The issuance of preferred stock could adversely affect the voting power of holders of common stock and
reduce the likelihood that common stockholders will receive dividend payments and payments upon liquidation. The issuance could have the effect of decreasing the market price of the common stock. The issuance of preferred stock also could have the
effect of delaying, deterring or preventing a change in control of us.
Registration Rights
We are party to an amended and restated investors rights agreement that provides that holders of our common stock, including certain holders of 5% of our
capital stock and entities affiliated with certain of our directors, have certain registration rights, as set forth below. The registration of shares of our common stock pursuant to the exercise of registration rights described below would enable
the holders to sell these shares without restriction under the Securities Act when the applicable registration statement is declared effective. We will pay the registration expenses, other than the underwriting discount, of the shares registered
pursuant to the demand, piggyback and Form
S-3
registrations described below.
Generally, in an underwritten
offering, the managing underwriter, if any, has the right, subject to specified conditions, to limit the number of shares such holders may include. The demand, piggyback and Form
S-3
registration rights
described below will expire upon the earlier of April 20, 2020, which is five years following the completion of our initial public offering, or when all investors, considered with their affiliates, can sell all of their shares in a
90-day
period under Rule 144.
Demand Registration Rights
Upon the written request of certain of the holders of the registrable securities then outstanding that we file a registration statement under the Securities
Act covering the registration of registrable securities having an aggregate offering price to the public of not less than $5.0 million, we will be required to use our best efforts to register all or a portion of their registrable securities
that holders may request to be registered. We are not required to effect such registrations on more than two occasions.

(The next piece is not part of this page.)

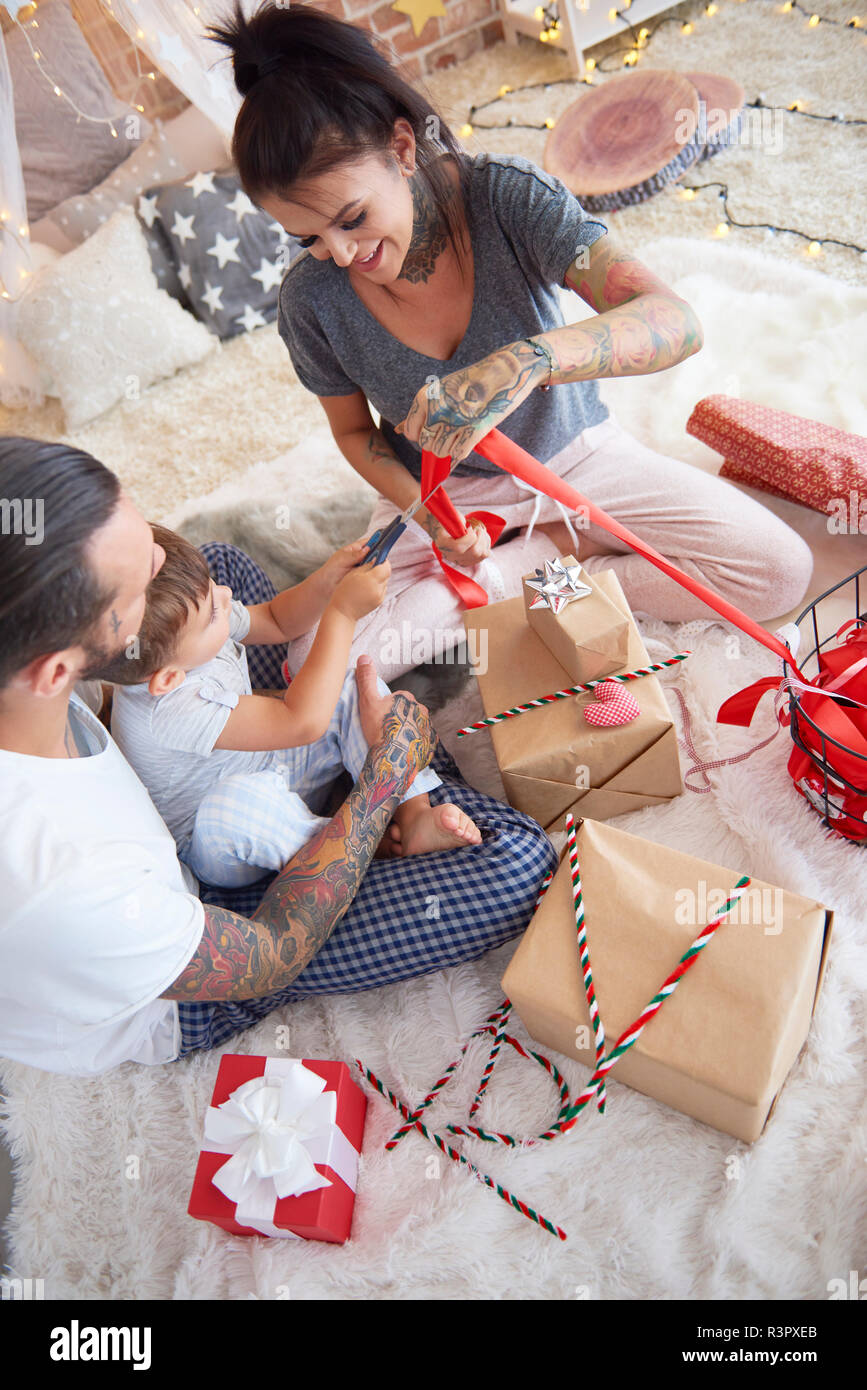 Niño abriendo regalo de Navidad con sus padres en la cama Foto de stock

Piggyback Registration Rights
In the event that we propose to register any of our securities under the Securities Act in a future offering, either for our own account or for the
account of other security holders, the holders of registrable securities will be entitled to certain piggyback registration rights allowing them to include their shares in such registration, subject to certain marketing and other
limitations. As a result, whenever we propose to file a registration statement under the Securities Act, including a registration statement on Form
S-3
as discussed below, other than with respect to a demand
registration or a registration statement on Forms
S-4
or
S-8
or related to stock issued upon conversion of debt securities, the holders of these shares are entitled to
notice of the registration and have the right, subject to limitations that the underwriters may impose on the number of shares included in the registration, to include their shares in the registration.

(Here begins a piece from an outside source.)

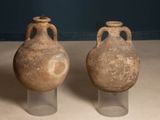 two vases that are sitting on a table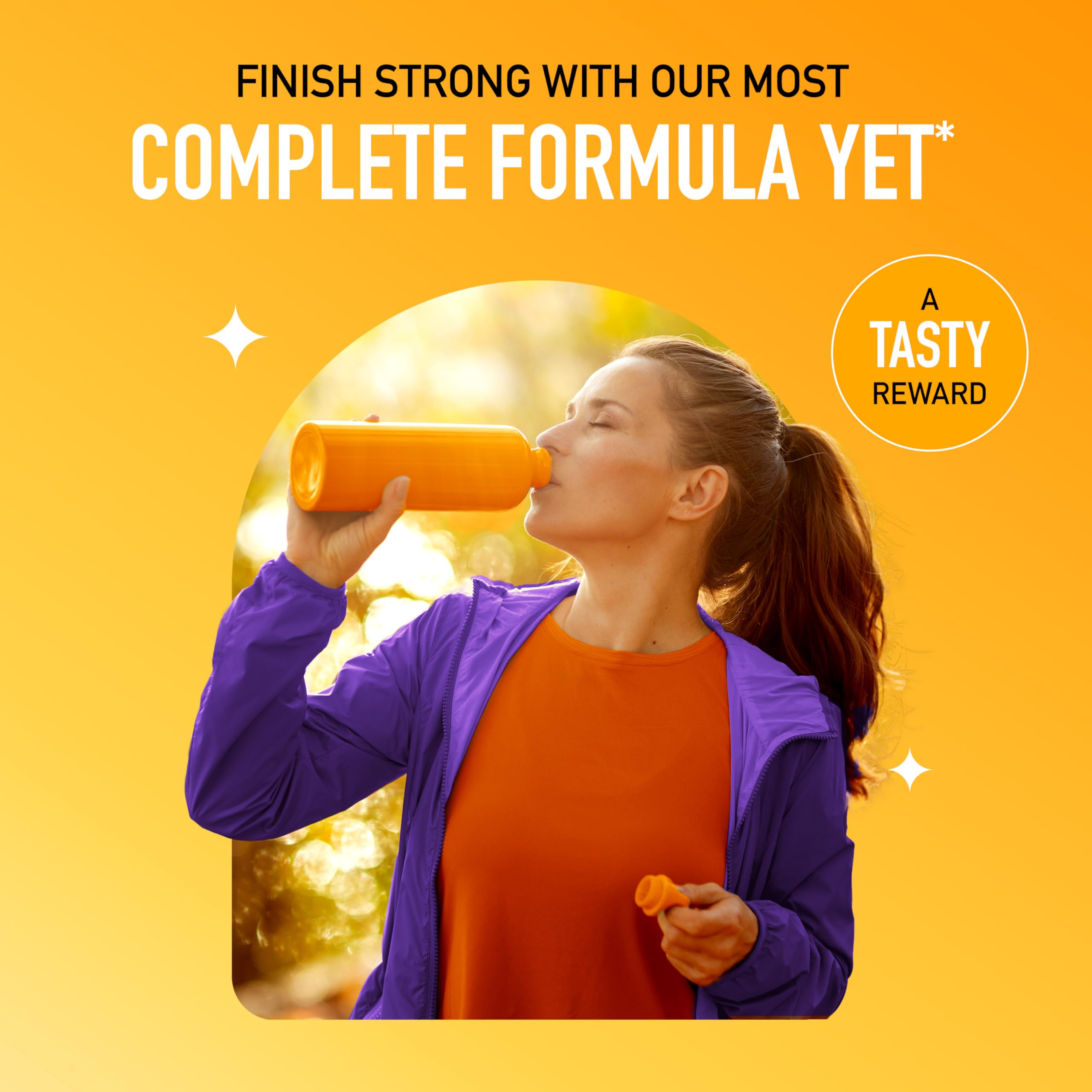 Airborne fizzing tablet in a glass with sparkling water.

In connection with the filing of the registration statement of which this prospectus forms a part, certain holders of shares of common stock were entitled to,
and the necessary percentage of holders waived, their rights to notice of such filing and to include their shares of registrable securities in the registration statement of which this prospectus forms a part.
Form
S-3
Registration Rights
The holders of registrable securities are entitled to certain Form
S-3
registration rights. Such request for
registration on Form
S-3
must cover securities the aggregate offering price of which, before payment of the underwriting discount, equals or exceeds $1.5 million.